It will be different, and yes, the silence where laughter was anticipated hurts. The vacant spaces in driveways and on the streets are hard to look at. Empty tables, unused paper plates (or fancy china), and eggs left to be found remind us of what isn’t. My dear Mimi reminded us though that what isn’t can’t change what is. I’m thankful for a grandmother who won’t let us forget to remember what’s true.

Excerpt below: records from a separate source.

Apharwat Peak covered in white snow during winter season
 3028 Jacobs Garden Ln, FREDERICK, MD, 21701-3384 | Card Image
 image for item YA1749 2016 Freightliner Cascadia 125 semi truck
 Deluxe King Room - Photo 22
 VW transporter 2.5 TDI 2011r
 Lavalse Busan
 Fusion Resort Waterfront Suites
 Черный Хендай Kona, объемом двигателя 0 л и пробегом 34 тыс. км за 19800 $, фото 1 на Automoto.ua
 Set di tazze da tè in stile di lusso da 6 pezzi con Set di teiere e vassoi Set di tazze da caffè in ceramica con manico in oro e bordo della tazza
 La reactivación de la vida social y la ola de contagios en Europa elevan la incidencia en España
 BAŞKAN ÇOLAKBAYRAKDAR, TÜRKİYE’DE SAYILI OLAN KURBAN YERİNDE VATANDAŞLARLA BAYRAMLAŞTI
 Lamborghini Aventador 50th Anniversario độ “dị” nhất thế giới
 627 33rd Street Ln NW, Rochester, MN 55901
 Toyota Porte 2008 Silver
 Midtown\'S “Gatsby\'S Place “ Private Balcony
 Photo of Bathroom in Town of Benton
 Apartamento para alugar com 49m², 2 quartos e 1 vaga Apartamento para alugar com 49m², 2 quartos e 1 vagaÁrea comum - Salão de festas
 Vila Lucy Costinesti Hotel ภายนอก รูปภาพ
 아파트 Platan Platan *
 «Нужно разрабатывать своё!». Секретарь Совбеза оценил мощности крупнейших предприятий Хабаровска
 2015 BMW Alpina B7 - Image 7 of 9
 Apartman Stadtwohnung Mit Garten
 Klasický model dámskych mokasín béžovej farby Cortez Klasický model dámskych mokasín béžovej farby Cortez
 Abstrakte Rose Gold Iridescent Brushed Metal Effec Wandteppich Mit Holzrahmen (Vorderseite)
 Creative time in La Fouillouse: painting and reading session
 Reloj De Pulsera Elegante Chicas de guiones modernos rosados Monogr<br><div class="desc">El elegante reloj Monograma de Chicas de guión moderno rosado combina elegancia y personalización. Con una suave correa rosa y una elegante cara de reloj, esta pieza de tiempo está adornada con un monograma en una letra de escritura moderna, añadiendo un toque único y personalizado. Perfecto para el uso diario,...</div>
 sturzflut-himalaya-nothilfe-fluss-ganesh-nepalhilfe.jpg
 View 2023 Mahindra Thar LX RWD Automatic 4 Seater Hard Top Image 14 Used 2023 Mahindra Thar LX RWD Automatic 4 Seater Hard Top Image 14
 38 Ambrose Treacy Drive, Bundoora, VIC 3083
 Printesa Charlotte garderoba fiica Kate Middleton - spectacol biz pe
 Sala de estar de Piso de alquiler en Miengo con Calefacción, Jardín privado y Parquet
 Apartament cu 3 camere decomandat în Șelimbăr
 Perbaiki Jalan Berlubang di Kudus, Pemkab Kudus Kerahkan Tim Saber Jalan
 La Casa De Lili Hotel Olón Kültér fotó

And that’s what I wanted to share tonight.

His is risen. Whether we are with our families or not. Whether we have houses filled for Easter dinner or not. Whether we can be at church and sing with our brothers and sisters or not. Whether this Resurrection Sunday is filled with age old traditions that feel like home or not.

It will be different. Nothing stays the same. Except Jesus.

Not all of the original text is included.